Inoltre non sto sostenendo che non si deve più andare dal medico, che le medicine non servono o altro anzi sto dicendo che affrontare una malattia, anche un semplice raffreddore da un punto di vista olistico, mi aiuterà a riportare l’equilibrio più in fretta e a mantenerlo più a lungo. Questo perché non mi sarò limitato a prendere un rimedio sperando nell’effetto desiderato effetto ma perché mi sarò mosso in più direzioni cercando anche di cambiare quegli atteggiamenti o quelle abitudini sbagliate che avevano alterato la mia salute. Mi hanno sempre inquietato le pubblicità di certi farmaci anti influenzali che dichiarano che con la loro assunzione non dovremo rinunciare a niente. Se abbiamo preso l’influenza, forse avevamo bisogno di un po’ di riposo, forse siamo in un periodo in cui dobbiamo dedicare un po’ di cura anche al corpo o allo spirito. Abbiamo bisogno di fermarci e quindi non ci limiteremo a combattere i sintomi ma staremo a casa, ci faremo una tisana calda e riposeremo se ne abbiamo la necessità. Permettetemi di fare ancora un esempio. Immaginate di aver ricevuto una bolletta dell’energia elettrica molto elevata, il rimedio più immediato per abbassare il conto è quello di limitare al minimo indispensabile l’utilizzo degli apparecchi elettroni e delle luci. Certamente nel breve periodo potreste avere un lieve calo del saldo ma se avete necessità di utilizzarli la bolletta successiva sarà nuovamente elevata.

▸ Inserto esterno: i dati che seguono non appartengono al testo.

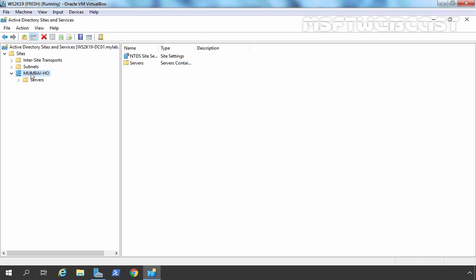One thing I forgot to mention: before you start creating Active Directory Sites and Services, you should check whether your domain controllers are able to replicate or not. Before starting the video recording, I already checked that all the domain controllers are able to successfully replicate with each other.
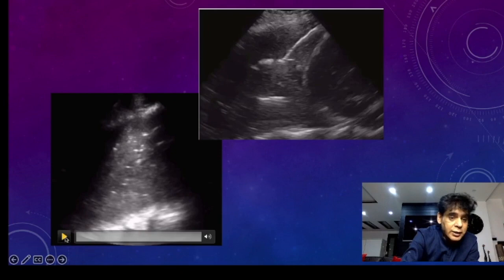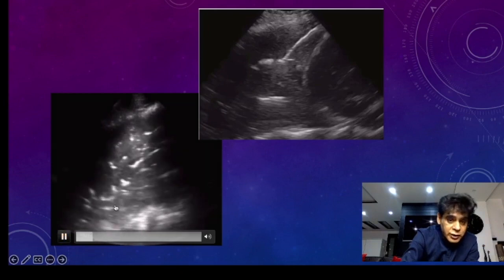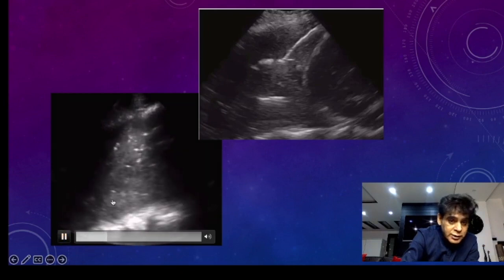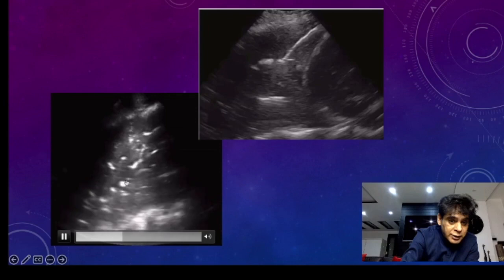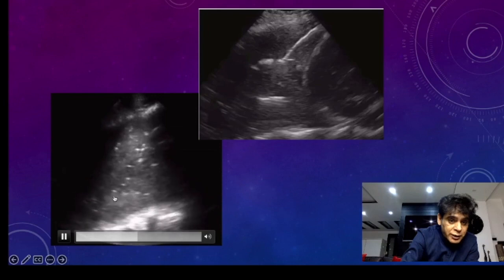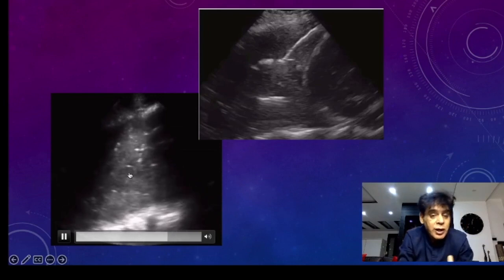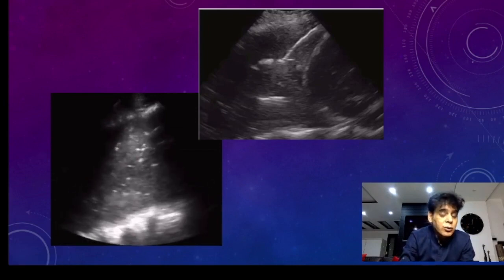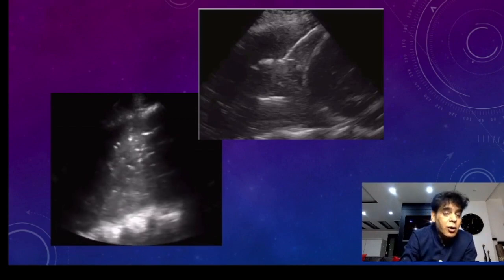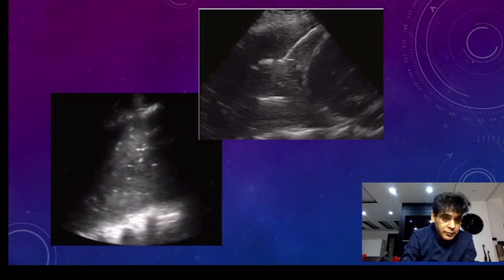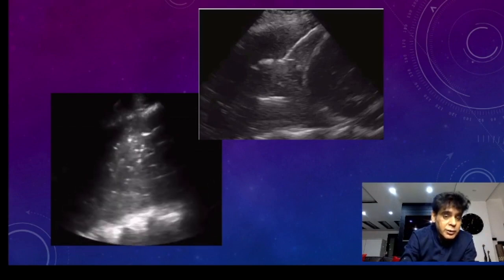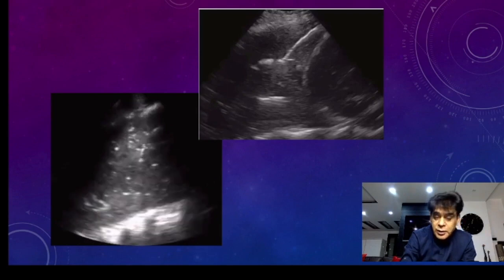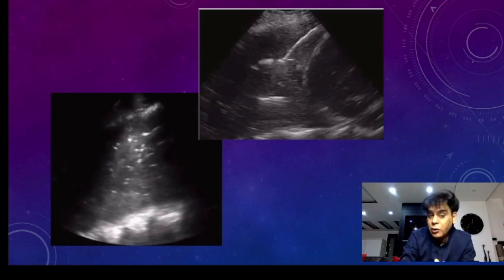Let us see the dynamic part with respiration. With respiration, you can see these air particles are moving up and down. The fact that they are moving up and down means there is no proximal airway obstruction, which means this is a case of consolidation and not collapse.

Che fate? La soluzione migliore sarebbe sostituire nel tempo tutte le apparecchiature elettroniche e le luci con dispositivi a basso consumo energetico e utilizzarli solo se strettamente necessari preferendo quelli a energia meccanica. Come potete immaginare la bolletta è la malattia, la medicina allopatica consiglia di spegnere le luci mentre la medicina olistica consiglia di usare luci che consumino di meno e se necessario cambiare qualche abitudine per risparmiare un pò di energia. Questo implica cambiare se stessi e modificare l’ambiente in cui viviamo.

Quindi concludendo se avete ingoiato un rospo perché avete litigato con una persona cara che vi ha detto qualcosa di spiacevole e avete mal di stomaco, potete curarvi con gli antiacidi ma fino a quando non vi riconcilierete con quella persona non riuscirete a tornare in equilibrio. Sputate il rospo se volete vivere con il vostro Principe.

 

Mara Delaini – Fisioterapista e insegnante di yoga per bambini e adulti. Vive la vita alla ricerca della morbidezza e della leggerezza intesa come capacità di essere lievi anche nelle difficoltà.